As we readied for takeoff, the pilot appeared to be reading the manual on how to fly the thing. Or that’s what it looked like to me, he seemed unsure and a little fidgety, and it seemed to take a lot of revving to get the plane to taxi down the runway and lift off the ground. I took comfort from the calmness of the other passengers. I’ve always been relatively fine during landings as I could see the ground and the flights were over, so this time, as we could see the ground(sea) the whole flight, and we could see the skyline of Boston for most of the 15-minute flight, I was actually fine. Apart from the one time an orange light flashed on the dashboard and an alarm sounded briefly seeming to startle the pilot. There is something to that saying, ‘feel your fear and do it anyway’, though there is a time and a place and I would not have been able for this flight a week earlier.

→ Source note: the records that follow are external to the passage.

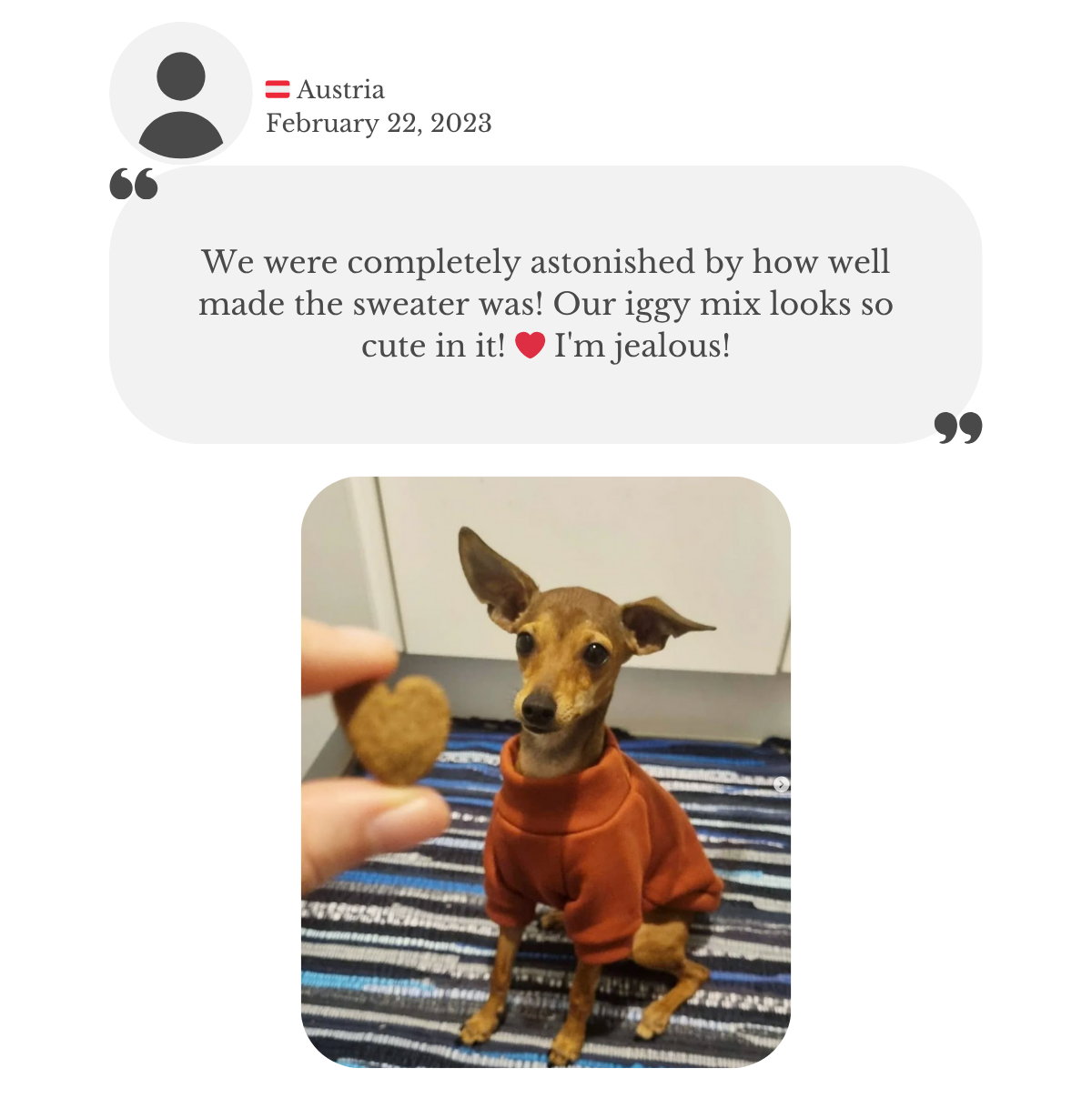 Italian greyhound mix wearing terracotta cotton sweatshirt with raglan sleeves. Customer praising the quality and fit of the jumper.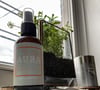 Aura (Rejuvenate) Room Refresher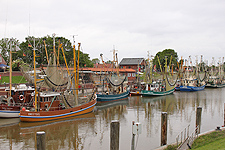 Greetsieler Hafen mit Krabbenkutter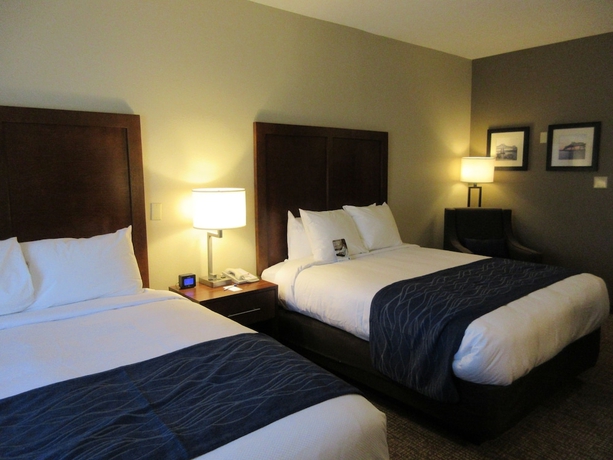 Imagen de la habitación del Hotel Comfort Inn and Suites Airport, Baton Rouge. Foto 10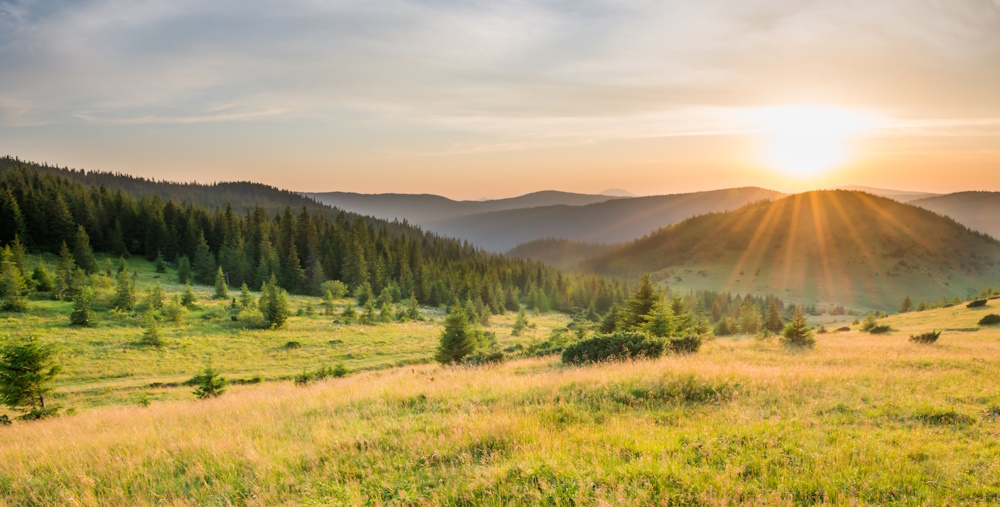 Panorama of sunset in the mountains with forest, green grass and big shining sun on dramatic sky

Lauren and Tina and her parents hung out at the airport and we ate pizza and chatted. I was sorry to part ways with them, but we had to too soon as their flight was leaving a lot earlier than mine. I wandered to the right terminal and settled in to wait for my flight to Dublin, sad to leave, but anxious to get home. The time passed quicker as I ended up chatting at the gate to I. Beecham who was on the same flight to Dublin on her way back to the UK. I think I might actually have slept on the flight home, exhaustion and my experiences in PTown making me a slightly different person compared to the terrified one who flew out just the week before.

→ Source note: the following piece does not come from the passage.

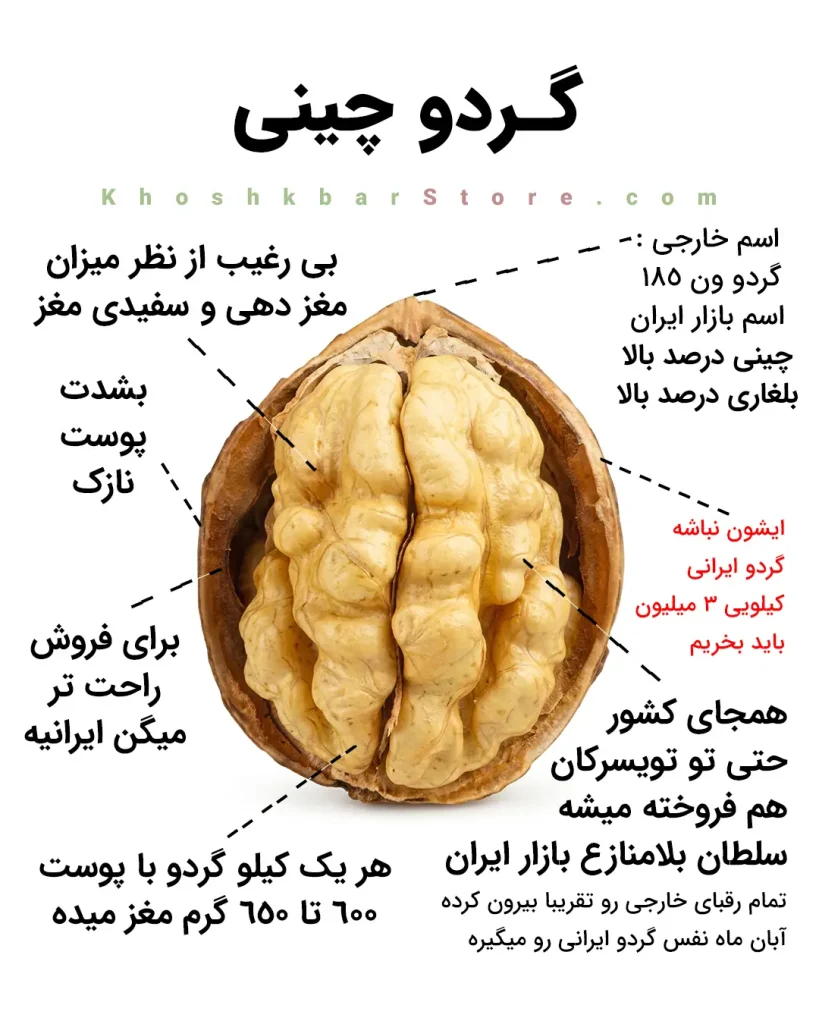 راهنمای جامع انواع گردو و تشخیص گردوی ایرانی از خارجی 12 اینفوگرافیک معرفی گردو چینی موسوم به ون ۱۸۵ و بلغاری درصد بالا با پوست فوقالعاده نازک و بازدهی ۶۰۰ تا ۶۵۰ گرم مغز سفید در هر کیلوگرم در خشکبار استور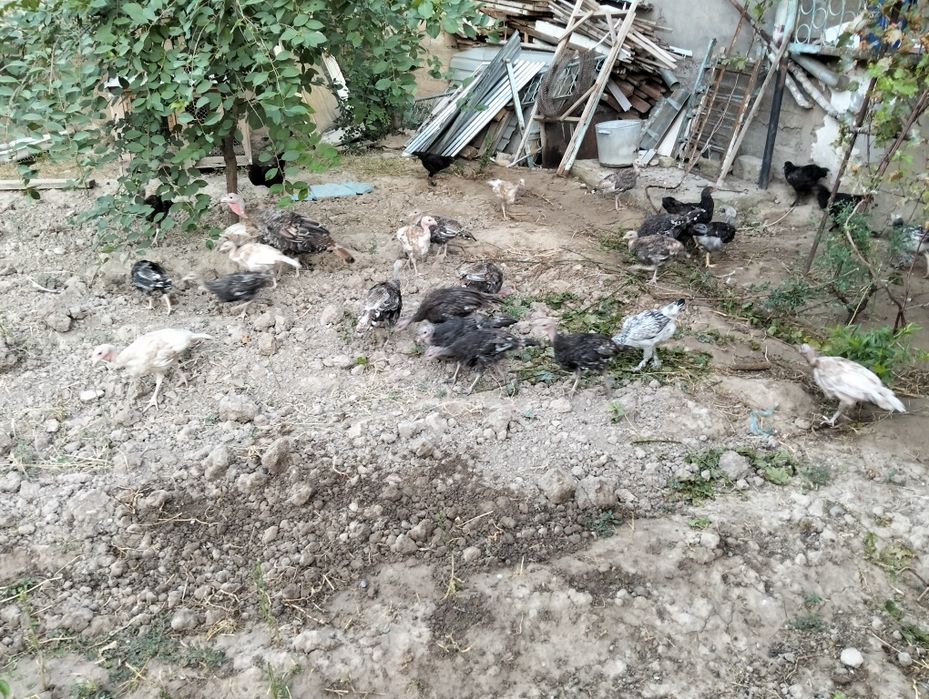 Продается цыплята индюка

After it all, Home is where I get to cuddle Clio.
As far as the reason I went to PTown in the first place – as an author and to network – I found it difficult to relax and just enjoy all the readings while I was also a part of the events and while I was fulfilling my promise to take part in every possible minute of PTown Women’s Week. I couldn’t slip comfortably back into the role of a reader as there was so much going on in me and around me. Therefore, I probably did not absorb or learn as much about the lesbian fiction scene as I should have. Despite being an author and reading on the panels, I was still in awe of the established authors and didn’t take the chance to talk properly with them and ask them the questions I wanted to. I spent more time with the performers, observing them and asking myself questions about their capacity to bare their souls on stage, their support for each other, their obligation to be known, yet remain private.
For many reasons, the experience changed me and was well worth the trip. I discovered that fear has kept me from being the person I can be, from reaching out and from experiencing a lot more that life has to offer. It was wonderful to rediscover the me that people enjoyed meeting.

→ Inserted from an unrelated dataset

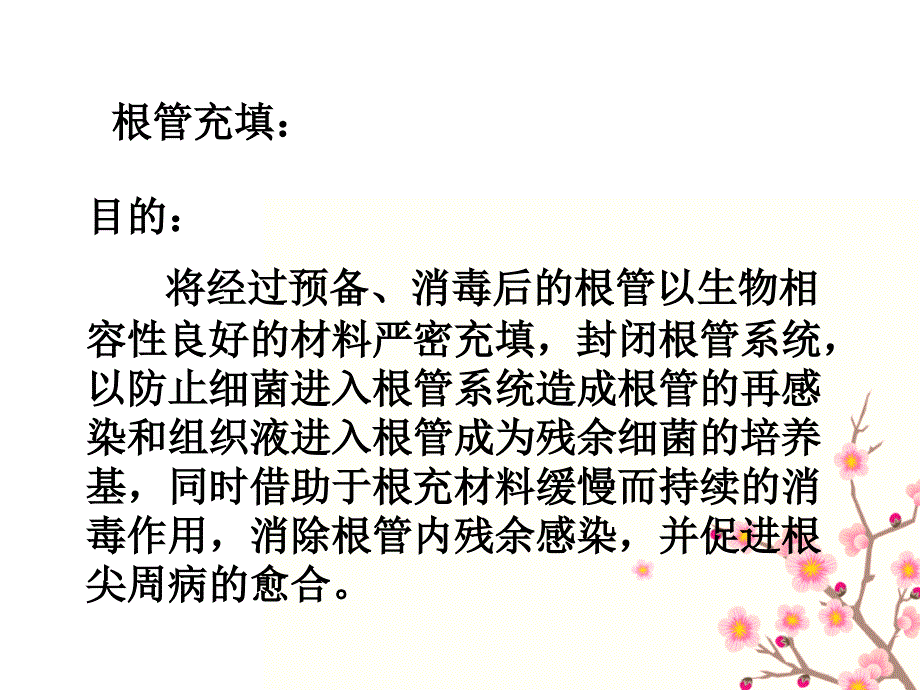 根管治疗术充填方法_第2页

I know that PTown is a bubble and that the ‘real’ world outside can be a bit of a shock back to reality. Being able to walk down a street where being gay or lesbian was the norm, feeling equal, normal, a part instead of apart, is an experience that I wish I could have every day, until it becomes my ‘normal’, inside me as well as outside. I don’t know how long that will take, but until it happens where I live, I hope to get away and feel it again in Provincetown in 2014, and 2015, and so on. I may not be able to experience that ‘normality’ again, but I can take the feeling with me and I have the memories.
Most importantly, I will have the new friends I made there. A gang of us are already planning our next trip somewhere, and I can’t wait.